This series of posts will explore how we can use the HTML canvas element to build a simple browser-based drawing tool. In this final post we look at allowing users to add text annotations to the canvas.


Welcome to the fourth (and final) post in this series, the goal of which is to build a canvas-based drawing tool from scratch with zero dependencies. The tool should allow the user to upload an existing image and to embellish it with free-hand drawing, fixed shapes and text annotations before exporting the image again. This tool is being built for instructional purposes, but for convenience I have made it available here, if you would like to have a play around.
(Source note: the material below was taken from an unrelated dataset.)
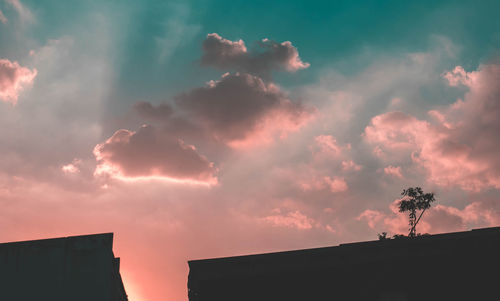 Low angle view of silhouette building against dramatic sky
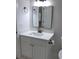 Bathroom vanity with white cabinets, quartz countertop, modern fixtures, and ample storage at 1527 S Pinebark Ln, Charleston, SC 29407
If you intend to follow the tutorial for yourself I would encourage you to grab the source code from the GitHub repo. The version of the code we build today will extend upon what was covered in the previous tutorials of this seres: Part I, Part II and Part III. Take a look back over these earlier tutorials if you come across any concepts or constructs that look unfamiliar.

In this post we will look at implementing functionality which allows the user to add text captions to their canvas.
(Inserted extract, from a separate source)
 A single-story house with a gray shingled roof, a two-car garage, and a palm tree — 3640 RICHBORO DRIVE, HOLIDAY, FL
Let's recap what we were planning to implement and where we are, currently:

  1. Draw free hand lines on the canvas (Part I)
  2. Draw resizable rectangles to highlight a section of the image (Part II)
  3. Set a background image on the canvas that we can annotate (Part III)
  4. Add text captions

The source code for the version of the tool that we build in this tutorial can be found on this branch of the GitHub repo, and this video briefly demonstrates the functionality we hope to build here:

Page markup and initial setup

The markup from the previous tutorials will, once again, need to be extended to include a few more buttons to allow the user to add and edit text captions. As part of this work we have reorganised the page layout, however we will focus only on the new elements relating to our text-input functionality. A relevant extract from index.html is shown here:

        <div id="tools" class="control_panel_section">
          <div class="control_option">
            <button class="btn tool-btn with-context-menu" id="draw_tool_btn" data-active="false" data-target="pencil-controls">✎</button>
            <button class="btn tool-btn" id="erase_tool_btn" data-active="false"><div class="erase_rect">▭</div></button>
            <button class="btn tool-btn with-context-menu" id="rect_tool_btn" data-active="false" data-target="shape-controls">⊞</button>
            <button class="btn tool-btn" id="selector_tool_btn" data-active="false"><div class="hand_pointer">☞</div></button>
            <button class="btn tool-btn with-context-menu" id="text_tool_btn" data-active="false" data-target="text-controls">T</button>

          <div id="context-menu">
            <!-- Pencil controls -->
            <div id="pencil-controls" class="control_option" style="display: none">

            <!-- Rectangle controls -->
            <div id="shape-controls" class="control_option" style="display: none">

            <!-- Text controls -->
            <div id="text-controls" class="control_option" style="display: none">
                <select name="font_size" id="font_size">
                  <option value="10">XS</option>
                  <option value="12">S</option>
                  <option value="16" selected="">M</option>
                  <option value="22">L</option>
                  <option value="32">XL</option>
                <select name="font_colour" id="font_colour">
                  <option value="black" selected="">Black</option>
                  <option value="white">White</option>
                  <option value="red">Red</option>
                  <option value="green">Green</option>
                  <option value="blue">Blue</option>
                <select name="background_colour" id="background_colour">
                  <option value="white" selected="">White</option>
                  <option value="black">Black</option>
                  <option value="transparent">Transparent</option>
      <script src="js/page.js"></script>
      <script src="js/image.js"></script>
      <script src="js/eraser.js"></script>
      <script src="js/pencil.js"></script>
      <script src="js/rectangle.js"></script>
      <script src="js/shape.js"></script>
      <script src="js/text_box.js"></script>
      <script src="js/text.js"></script>

We have added a new tool button, text_tool_btn, which will activate the text-input tool. We have also added a few input elements within the text-controls context menu. These new input elements should allow the user to alter the font-size, font-colour and background-colour of the text caption.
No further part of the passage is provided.